Il progetto di costruire l’ormai famoso nuovo gasdotto Power of Siberia 2 tra Russia e Cina dovrebbe entrare nella fase operativa nei primi mesi del 2024. Ma Pechino oppone resistenza in quella che un approfondimento del South China Morning Post inquadra come una tattica negoziale volta a ottenere ulteriori sconti sul prezzo dell’energia e forse addirittura l’esenzione dai costi di realizzazione di un’opera considerata comunque indispensabile in ottica di diversificazione delle fonti.
Pechino temporeggia.
Sta rallentando il progetto relativo alla costruzione del gasdotto Power on Siberia 2 che dovrebbe collegare Russia e Cina. Pechino sta infatti temporeggiando con l’obiettivo di convincere Mosca, che ha un disperato bisogno di trovare nuovi sbocchi per la sua energia, a concedere ulteriori sconti sul prezzo e sui costi di realizzazione dell’opera, che i cinesi vorrebbero fossero interamente a carico del partner.
Opera necessaria per entrambi.
Se completata, la pipeline trasferirebbe in Cina 50 miliardi di metri cubi di gas naturale all’anno precedentemente destinati all’Europa, permettendo alla Russia di fare cassa e anche alla Cina di ottenere l’agognata sicurezza energetica.

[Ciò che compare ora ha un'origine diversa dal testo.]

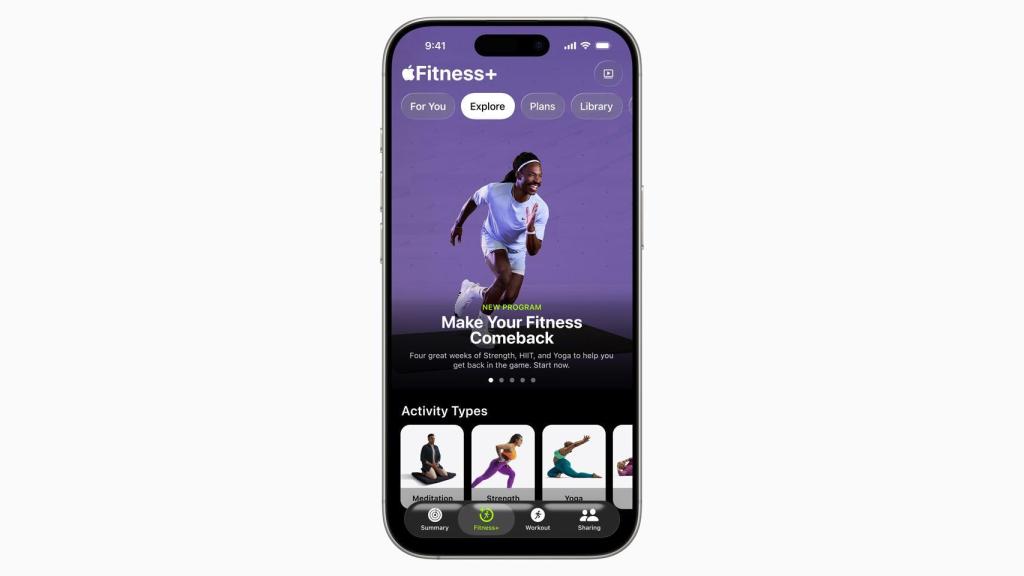 Programas de Apple Fitness+.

La costruzione di quel gasdotto è necessaria alla Russia per mantenere la promessa solenne fatta da Putin di destinare al mercato cinese un flusso complessivo di oltre 100 miliardi di metri cubi l’anno di gas e per integrare l’offerta della pipeline esistente Power on Siberia 1 attraverso cui passano ogni anno 67 miliardi di metri cubi.
Tattica negoziale.
Come spiega una fonte del South China Morning Post, Pechino ha ora punta a strappare concessioni alla Russia. E, secondo la stessa fonte, lo zar sarebbe sottoposto ad una “enorme pressione” per costruire una conduttura senza la quale “un’immensa quantità di gas” sarebbe sprecata facendo perdere a Mosca ingenti somme.
“Per quanto riguarda la costruzione – aggiunge la fonte – (Pechino) vuole essere sicura di non dover sopportare né i rischi né i costi. La Russia è la parte che dovrà pagare l’intero conto”.
Delusione per Putin.
Come osserva il South China Morning Post, l’attuale prudenza cinese è ben rivelata da quanto successo al Forum della Belt and Road tenutosi lo scorso ottobre a Pechino, dove il presidente russo si è presentato speranzoso di poter chiudere l’accordo sulla costruzione del gasdotto trovandosi però costretto a tornare a casa a mani vuote.
Schiaffo mongolo.
La volontà russa di procedere col progetto è testimoniata dalla recente visita nella capitale della Mongolia Ulan Bator, dove dovrebbe passare il gasdotto, della vicepremier Viktoria Abramchenko, che ha dichiarato come gli studi di fattibilità siano stati completati, stimando che i lavori veri e propri potrebbero cominciare già nel primo quadrimestre del 2024.
Ma un ex componente del Consiglio di Sicurezza Nazionale della Mongolia ha spiegato al South China Morning Post che il Paese non considera il progetto prioritario e potrebbe ritardarne l’esecuzione. “Non abbiamo nemmeno parlato dei prezzi, delle tariffe, delle tasse ecc. Si può dunque concludere serenamente che niente succederà nel 2024 relativamente alla costruzione.
Una ulteriore delusione è stata riservata a Putin dal presidente mongolo Ukhnaa Khurelsukh che, incontrato a margine del Forum sulla Belt and Road, non gli ha fornito alcun riscontro diretto sulla volontà di portare avanti il progetto.
Obiettivi di Pechino.
Sarà però Pechino ad avere l’ultima parola su un’infrastruttura che va incontro all’obiettivo del governo di diversificare le fonti e a soddisfare una domanda interna salita nel 2023 di un livello compreso tra il 5,5 e il 7% raggiungendo, secondo i dati della National Energy Administration, il quantitativo record di 390 miliardi di metri cubi l’anno.